As in previous years, we have compiled—with the help of our wonderful community of authors, translators, and publishers—a list of Arabic titles forthcoming in English translation.
Many of these works are novels, although we can also look forward to a few collections of poetry (Rania Mamoun, tr. Yasmine Seale and Mona Kareem, tr. Sara Elkamel, for starters) as well as at least two wonderful graphic novels (Deena Mohamed’s Shubeik Lubeik and Lena Merhej’s Yoghurt and Jam) and several kid lit/YA titles (such as Haya Saleh’s Wild Poppies).
Besides fiction, readers can also expect the release of several nonfiction titles, from books on poetry to 10th-century librarian al-Shābushtī’s Book of Monasteries.
There will certainly be many Arabic literary works published in translation in 2023 that are not on this list. But it’s a start:
January
Shubeik Lubeik, by Deena Mohamed, tr. the author (Pantheon)
From the publisher: “A brilliantly original debut graphic novel that imagines a fantastical alternate Cairo where wishes really do come true. Shubeik Lubeik—a fairy tale rhyme that means “your wish is my command” in Arabic—is the story of three people who are navigating a world where wishes are literally for sale.”
*
The Disappearance of Mr Nobody, by Ahmed Taibaoui, tr. Jonathan Wright (Hoopoe)

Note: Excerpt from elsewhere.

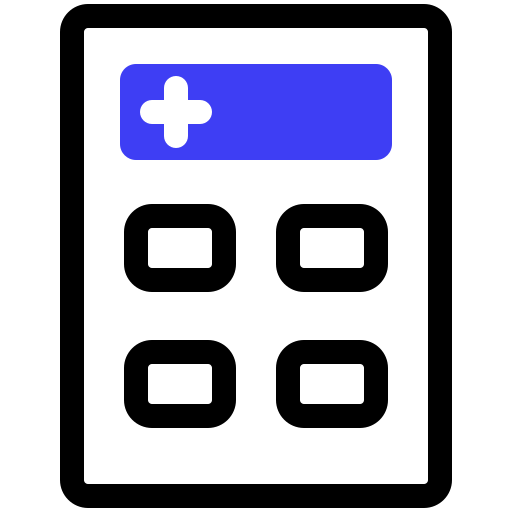 calculatrice Icône gratuit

From the publisher: “A raw, lyrical portrait of life on the margins in contemporary Algiers, this haunting noir captures an underworld of police informers, shady imams, bootleg beer traders, and grave robbers, and reverberates with echoes of Algeria’s violent past.”
*
The Blue Light, by Hussein Barghouti, tr. Fady Joudah (Seagull)
From the publisher: “Hussein Bargouthi tells his story with Bari, a Turkish American Sufi, during Bargouthi’s years as a graduate student at the University of Washington in the late 1980s. The Blue Light has several beginnings and many returns—from Beirut’s traumatic sea to musings on color and identity, from Buddhist paths to Rajneesh disciples, from military rule to colonial insanity, from drug addiction to sacred rock. Written and lived between Arabic and English, this is a unique book whose depth is as clear as its surface. It will tempt you to dismiss it as it compels you to devour it for illumination. Merging memoir with fiction, and the hallowed with the profane, The Blue Light is a meditation on and liberation from madness—a brilliant, inimitable literary achievement.”
February
The Doctors’ Dinner Party, by Ibn Buṭlān, tr. Philip F. Kennedy and Jeremy Farrell (Library of Arabic Literature)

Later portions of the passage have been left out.